Addendum One Carbon Dioxide

The contribution from carbon dioxide to the total Greenhouse effect, as determined by the Cardinal Model is

Caardinal5

Most of the variability observed comes from changes in temperatures (predominantly of the lower Troposphere and lower Stratosphere).

In the case of carbon dioxide, the effective emission altitude for the saturation zone is the lower Stratosphere. This is the altitude where temperature decline flattens out and thermodynamic considerations stop further Greenhouse gas absorption of CO2 which still has sufficient concentration to support transmission.

In reality, the lower Stratosphere temperature profile is not completely flat and some inhomogeneities allow regions of absorption and emission which are assumed by the Cardinal model to be represented by an average parameter.

The changes of temperature (lower Troposphere and lower Stratosphere) affect the change in Greenhouse Effect due to all CO2 in the atmosphere - particularly the concentrations existing in pre-industrial times..

Almost all the variation in Greenhouse absorption by CO2 comes from the effect of varying temperatures in the saturation zone which is essentially unchanged (in terms of frequency range) from pre-industrial times.

By looking at annual averages (thereby averaging out seasonal effects) and adjusting for temperature variations, the progression of carbon dioxide’s contribution to the total Greenhouse effect may be plotted against CO2 concentration.

Cardinal6

The green line is of the form proposed by Arrhenius which is the form proposed by Anointed Modellers. The green line which best fits the Cardinal model calculations (the red circles on the above graph) is CO2 WM-2 = 5.7 * ln(CO2 ppm).

This falls somewhere between the examples shown in Note 14 of 'The Greenhouse Effect - Technical References and Backup'.

The current IPCC (per their AR6 report) favours a ‘central’ factor of 5.35 for the range of theoretically determined factors used in the Arrhenus form equations of climate modelling.

The red line follows an empirical determined [tanh] relationship:

  • Greenhouse effect = a * tanh(b times CO2 concentration in ppm)
  • Where: a = 34 and b = 0.009

Note hyperbolic tangent [tanh] is a mathematical function that describes various physical processes involving radiation interaction with matter. This is further discussed in addendum three.

Note: the red line shown above is a best-fit empirical relationship and the parameter values giving the best-fit are not underpinned by theoretical calculations. This argues that the relationship which fits the ‘real world’, although determined empirically, is superior to the theoretical calculation resulting from the circular reasoning of the Anointed modelers.
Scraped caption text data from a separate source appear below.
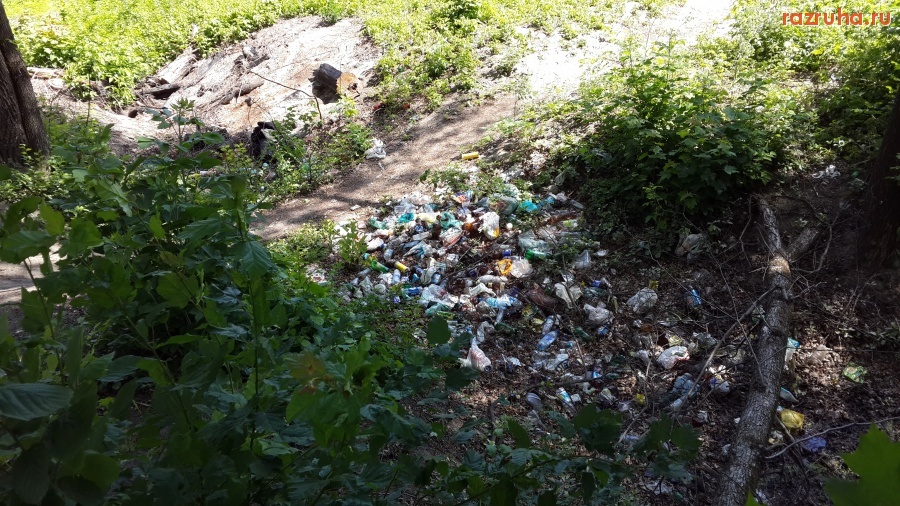 Курск - Река Сейм около лодочной станции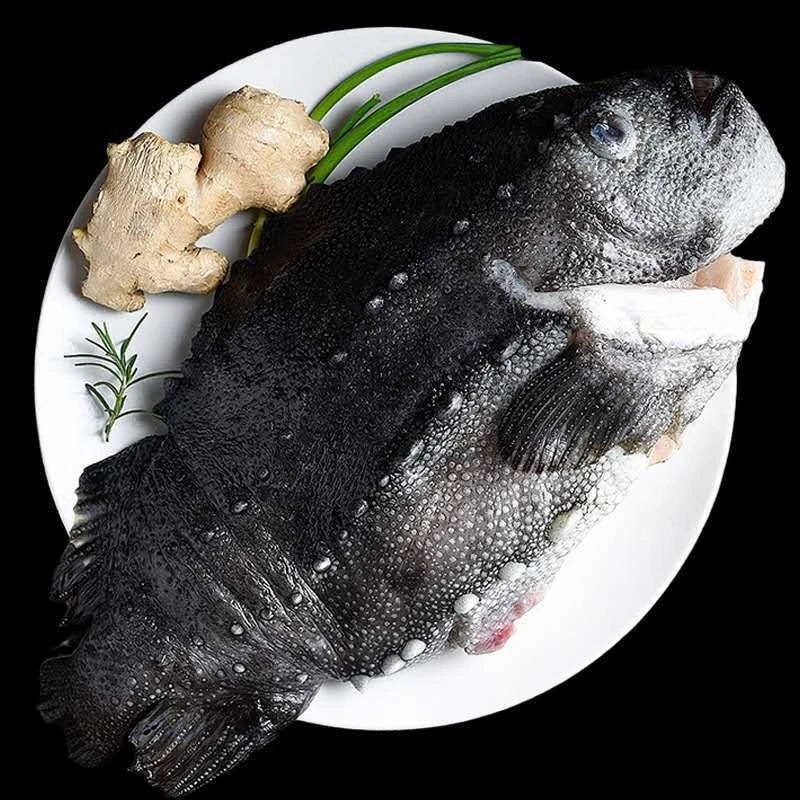 海参斑鱼整条发货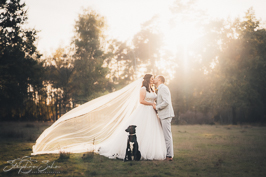 Hochzeit Hochzeit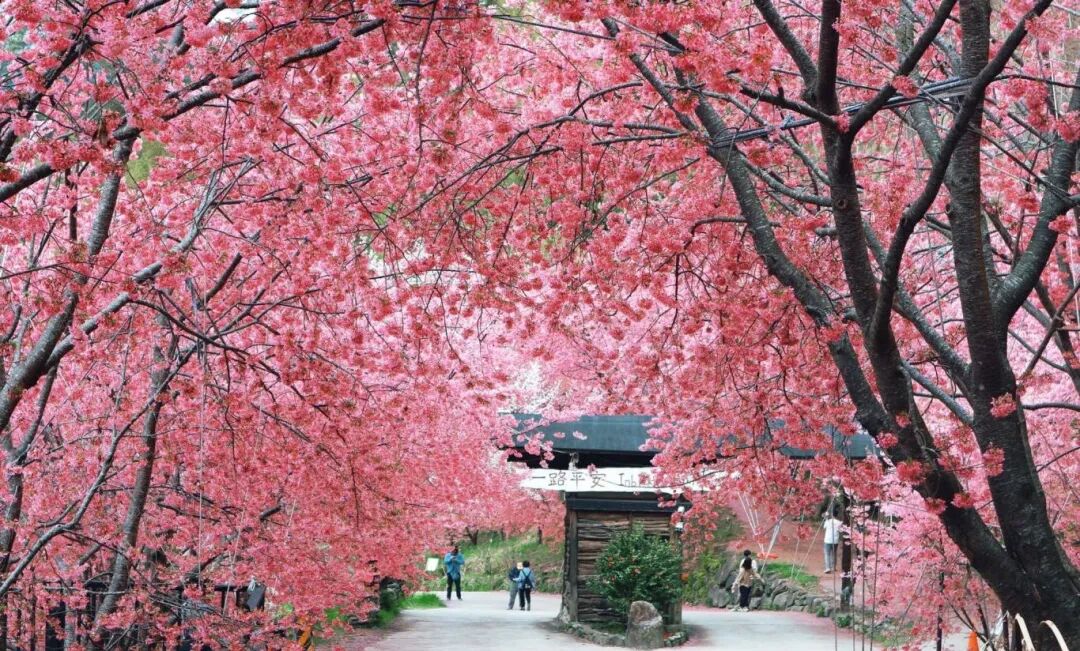 Smangus Cherry Blossoms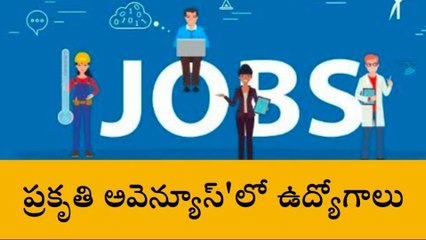 విజయనగరం: ప్రకృతి అవెన్యూస్ లో ఉద్యోగాలు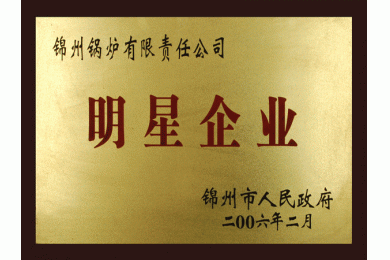 06年明星企业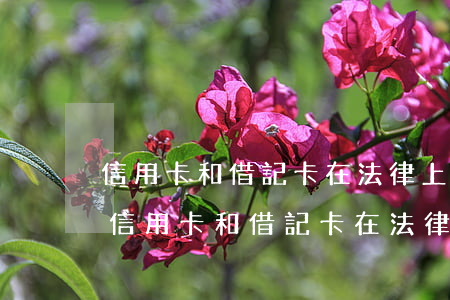 信用卡和借記卡在法律上的區(qū)別-信用卡和借記卡在法律上的區(qū)別是什么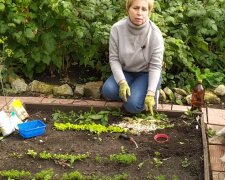 inwazja ślimaków, screen YT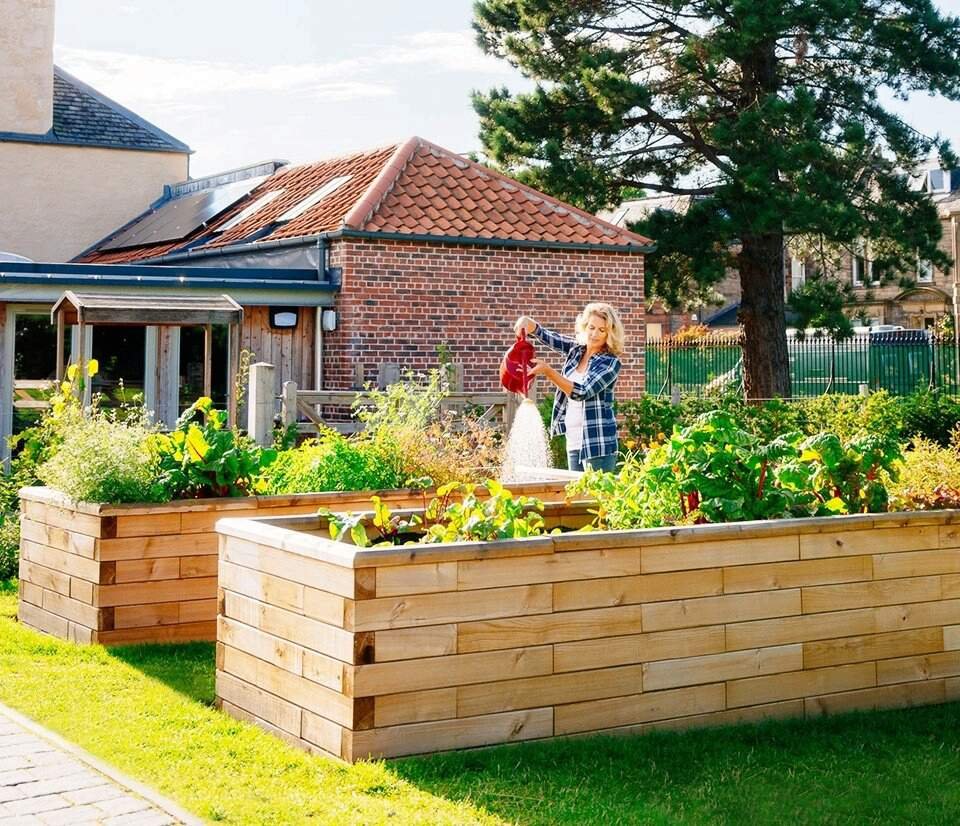 garden_outdoor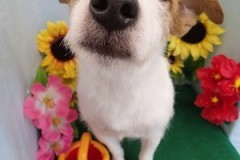 『スッキリ涼しくなりました♪』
The value for ‘doubling’ from 277 to 554 ppm is 0.366 WM-2 derived from this empirical curve. The increment from tripling to 831 ppm is minimal as the ‘flat’ part of the [tanh] curve has been reached.

The Arrhenius ‘doubling’ from 277 to 554 ppm is 3.97 WM-2. The increment from ‘tripling’ is a further 2.32 WM-2.
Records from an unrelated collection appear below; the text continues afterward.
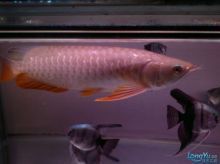 龍魚之巔論壇怎么沒有了（龍魚之巔論壇怎么沒有了目前根據搜索結果并沒有查詢到）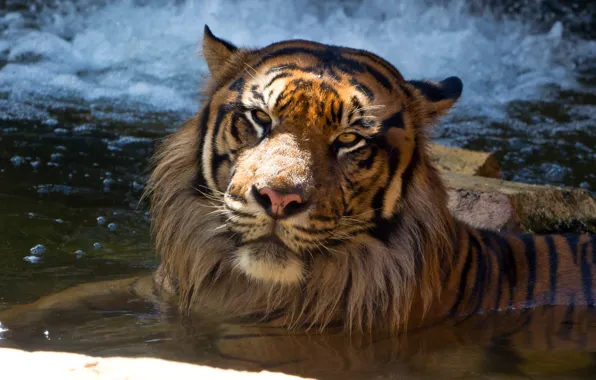 Picture cat, face, tiger, bathing, pond, Sumatran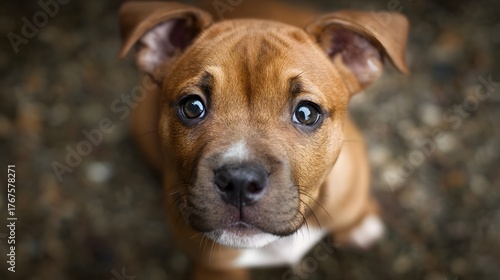 A close up portrait of a cute brown puppy looking up with innocent pleading eyes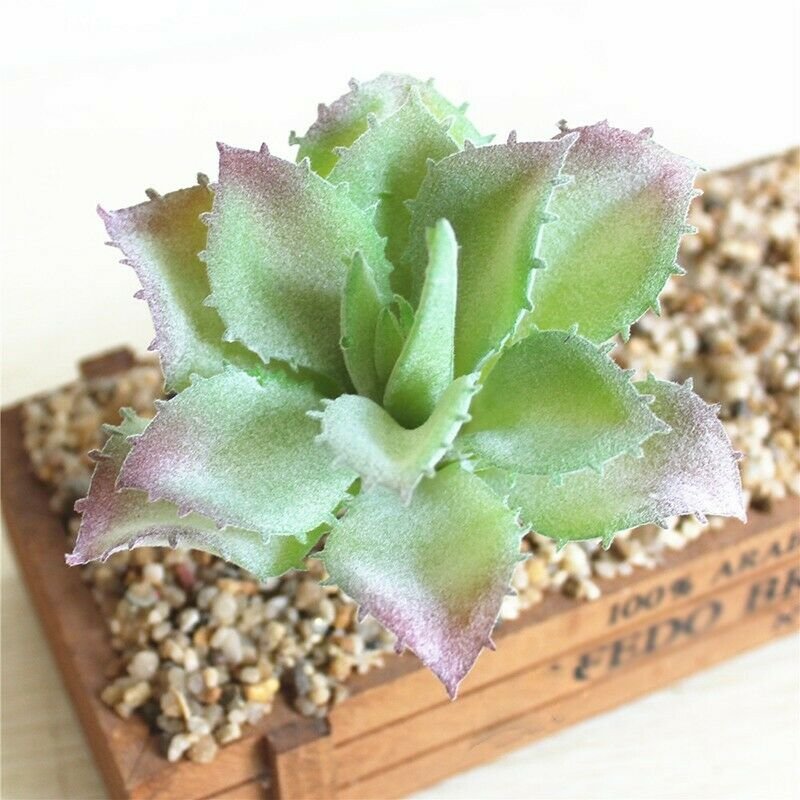 UK Only Small Pointed Lotus Artifical Simulation Fake Mini Succulents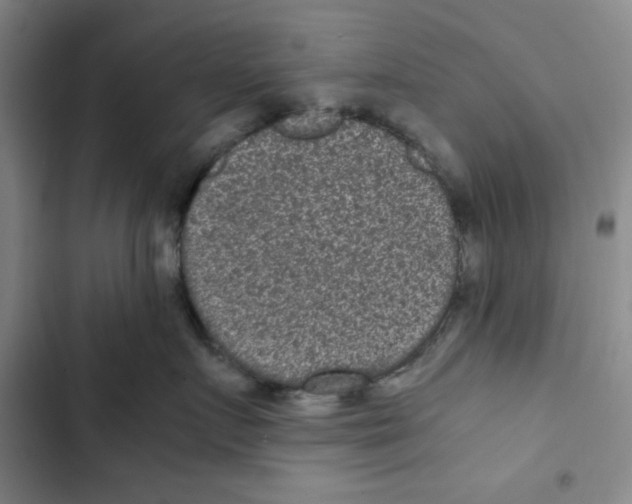 X0000102800719200809150929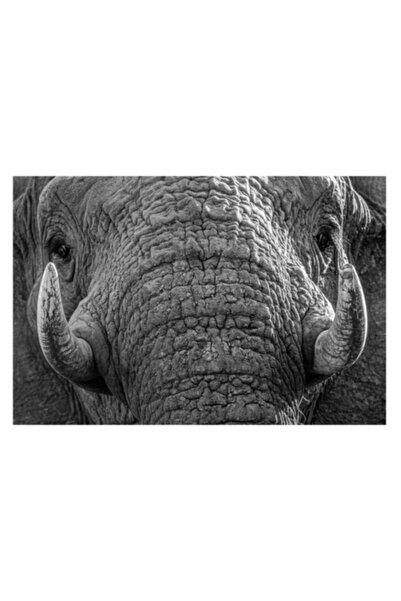 OEM Tablou Canvas, 'Povestea ridurilor unui elefant', Elefant, Impresionant, ...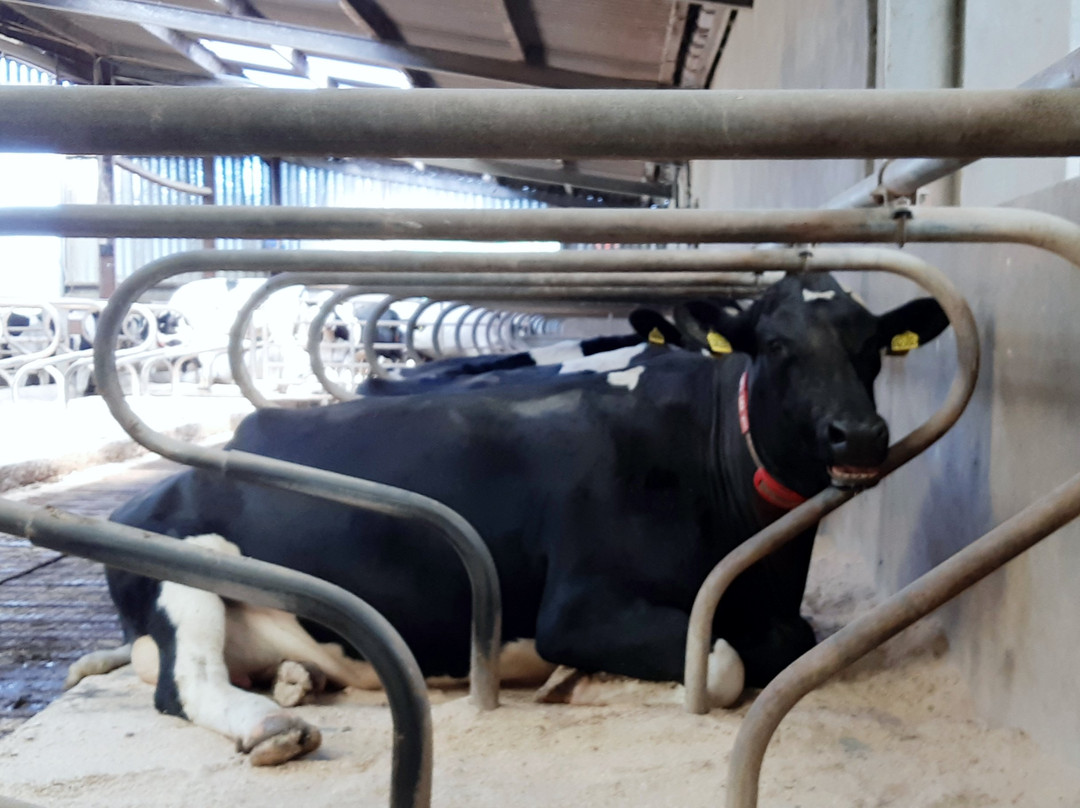 Laigh Tarbeg Farmhouse Bed And Breakfast主图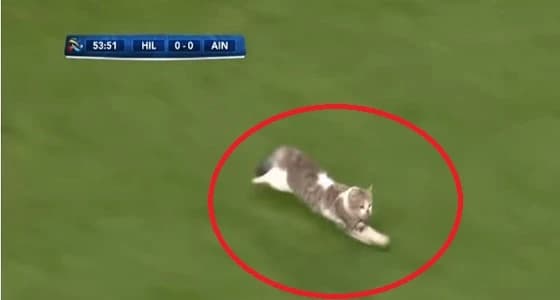 بالفيديو.. قط يقتحم مباراة " الهلال والعين "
Higher altitude Carbon Dioxide emissions

The emissions from high altitude carbon dioxide from the warming zone of the mid to upper Stratosphere may, arguably, be increased by the increased concentration since pre-industrial times.

As these emissions predominantly come from the main absorption/emission peaks where effective density (number density times absorption cross-section) is sufficiently boosted they may be expected to follow a steeper part of the [tanh] curve than is observed in the Troposphere.
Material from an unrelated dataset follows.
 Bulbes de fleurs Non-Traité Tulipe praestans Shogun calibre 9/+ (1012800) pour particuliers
But this 'steeper' effect is a cooling effect as a result of more infrared radiation being emitted to outer space.

Arguably, if the effect were appreciable, it would reduce the contribution to the total greenhouse effect as CO2 concentrations increase - i.e. increased CO2 levels cause Global Cooling.

Attempts to find empirical parameters modelling this expected effect failed to improve the fit (by variance minimisation) of the Cardinal Model so I conclude that this 'Global Cooling' effect is insufficient at CO2 concentrations of 300-400ppm to register anything other that a damping effect on the Tropospheric warming effect.

But I could argue that as the Stratospheric Cooling is on a steeper part of the [tanh] curve compared to Tropospheric Warming, at significantly higher CO2 concentrations Cooling might begin to swamp Warming!

I won't live for another 80 years to observe if this 'swamping' hypothesis is verified by observation.

But it would be a real turn-up for the books if de-carbonising policies actually cause extra warming!